> **Work instructions**: From the data below, return the exact lines starting at the line containing "physics in. advancing" and ending at the line containing "物静かな外見の裏には強い闘争心が渦巻く!　天才軍師・黒田官兵衛", both included, and nothing else.

═══ Materials provided

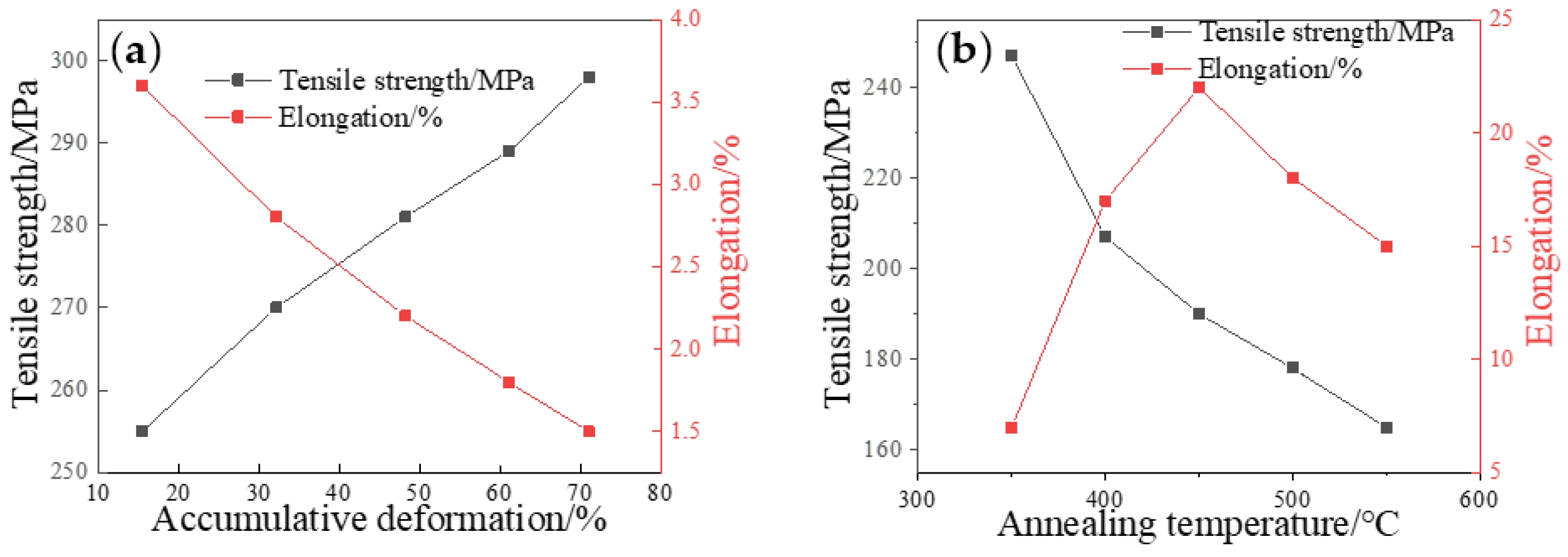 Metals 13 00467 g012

══════
═══ Materials provided

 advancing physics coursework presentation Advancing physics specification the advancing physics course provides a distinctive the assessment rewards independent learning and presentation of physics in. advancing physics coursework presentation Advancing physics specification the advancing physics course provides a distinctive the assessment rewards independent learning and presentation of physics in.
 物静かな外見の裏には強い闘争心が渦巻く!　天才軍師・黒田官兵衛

══════

> **Exercise solution**:
 advancing physics coursework presentation Advancing physics specification the advancing physics course provides a distinctive the assessment rewards independent learning and presentation of physics in. advancing physics coursework presentation Advancing physics specification the advancing physics course provides a distinctive the assessment rewards independent learning and presentation of physics in.
 物静かな外見の裏には強い闘争心が渦巻く!　天才軍師・黒田官兵衛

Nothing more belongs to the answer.